A writers’ room is a collaborative environment, but it’s not exactly a democracy — there is a showrunner, and the writers are there in service of her or his vision. Lennon says, “if your pitches aren’t landing, don’t try to force them through — learn when to let go. Realize that it’s not your show; you may have a great idea but the showrunner doesn’t want to go in that direction, so get in line and in the direction the show is going. Learn to play well with others, and if you’re difficult to be around, you will not be invited back, no matter how talented you are. Learn your boss’s taste, and find ideas in their wheelhouse, and if you feel an affinity for a character or a storyline, let the showrunner know [so] they can look to you for that character/idea/episode. And learn to take notes and do rewrites, and if you don’t understand a note, say you don’t understand and get clarity — everybody knows that this is the first time you’re staffing.”

Takeaways  

Between the good advice, success stories and caveats in both parts of this series, I realize there has been a lot of focus on how difficult it is getting started in television. And how gaining this foothold requires being, networking and working in L.A. And, that it’s difficult to write a truly great pilot, one that will jumpstart a career in television.

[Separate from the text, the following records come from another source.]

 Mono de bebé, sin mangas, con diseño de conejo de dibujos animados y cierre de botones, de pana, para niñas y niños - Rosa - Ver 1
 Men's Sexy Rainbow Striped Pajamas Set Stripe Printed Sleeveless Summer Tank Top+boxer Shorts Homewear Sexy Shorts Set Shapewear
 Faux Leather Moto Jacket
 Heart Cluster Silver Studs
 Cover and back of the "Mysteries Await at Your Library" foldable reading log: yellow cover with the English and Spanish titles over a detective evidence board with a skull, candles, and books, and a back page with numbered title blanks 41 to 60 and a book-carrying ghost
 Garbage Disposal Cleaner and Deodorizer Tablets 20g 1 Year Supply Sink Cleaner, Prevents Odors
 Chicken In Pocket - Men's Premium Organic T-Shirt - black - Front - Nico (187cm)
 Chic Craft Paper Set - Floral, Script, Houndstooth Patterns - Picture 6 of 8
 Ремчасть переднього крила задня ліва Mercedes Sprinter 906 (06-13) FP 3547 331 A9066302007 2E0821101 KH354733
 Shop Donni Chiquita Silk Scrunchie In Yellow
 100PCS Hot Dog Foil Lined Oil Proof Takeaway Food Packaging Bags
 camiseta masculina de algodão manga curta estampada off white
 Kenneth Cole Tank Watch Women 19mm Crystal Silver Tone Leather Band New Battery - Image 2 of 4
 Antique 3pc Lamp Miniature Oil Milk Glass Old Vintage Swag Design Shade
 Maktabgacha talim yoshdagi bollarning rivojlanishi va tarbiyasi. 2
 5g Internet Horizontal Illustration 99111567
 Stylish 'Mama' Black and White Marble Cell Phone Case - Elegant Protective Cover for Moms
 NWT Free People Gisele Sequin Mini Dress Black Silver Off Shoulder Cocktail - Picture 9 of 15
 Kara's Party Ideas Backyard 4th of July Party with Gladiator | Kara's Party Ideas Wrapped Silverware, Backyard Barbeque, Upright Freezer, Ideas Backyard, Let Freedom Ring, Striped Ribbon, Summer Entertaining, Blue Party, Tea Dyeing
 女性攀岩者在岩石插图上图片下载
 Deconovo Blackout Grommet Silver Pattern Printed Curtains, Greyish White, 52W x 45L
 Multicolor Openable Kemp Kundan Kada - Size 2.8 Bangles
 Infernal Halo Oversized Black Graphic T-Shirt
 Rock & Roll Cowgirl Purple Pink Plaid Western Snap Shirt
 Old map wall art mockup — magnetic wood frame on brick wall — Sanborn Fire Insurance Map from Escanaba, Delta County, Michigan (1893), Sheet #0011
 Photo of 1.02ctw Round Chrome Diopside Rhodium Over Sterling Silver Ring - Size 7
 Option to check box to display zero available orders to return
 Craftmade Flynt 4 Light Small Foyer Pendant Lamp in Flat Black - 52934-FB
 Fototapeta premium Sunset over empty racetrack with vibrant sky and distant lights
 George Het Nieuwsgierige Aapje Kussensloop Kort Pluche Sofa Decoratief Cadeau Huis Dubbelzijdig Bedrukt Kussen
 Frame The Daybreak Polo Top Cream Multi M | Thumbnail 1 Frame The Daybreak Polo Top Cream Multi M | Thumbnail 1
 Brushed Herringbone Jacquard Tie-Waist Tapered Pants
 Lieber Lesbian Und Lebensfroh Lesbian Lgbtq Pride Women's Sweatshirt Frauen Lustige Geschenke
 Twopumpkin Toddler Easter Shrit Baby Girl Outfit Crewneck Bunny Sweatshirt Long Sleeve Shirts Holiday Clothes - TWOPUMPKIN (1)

Yes, all of this is hard, but I’d like to end on a note of encouragement. Ten years ago Ryan Farley was in grad school. Five years ago Kristy Lowrey was teaching high school.

But every year, Zach Cox sees clients get their first staffing jobs or sell pitches or pilots, and every year, Gary Lennon sees people get hired. With television, it starts with a great pilot script, and that’s the first step in the door to an assistant gig, a fellowship or a staffing job, not to mention selling a series.

It’s 60 pages of voice, passion, great ideas and undeniable, compelling characters, which you don’t need permission, special tools, money or connections to write. Yes, it’s difficult to write such a pilot and, yes, it’s hard to then land on a staff or sell that pilot or pitch. But there are various routes to achieve all of these things, and they all take time, luck, talent and resilience. Which is not that different from anything else in life that’s meaningful, pays well and offers creative rewards.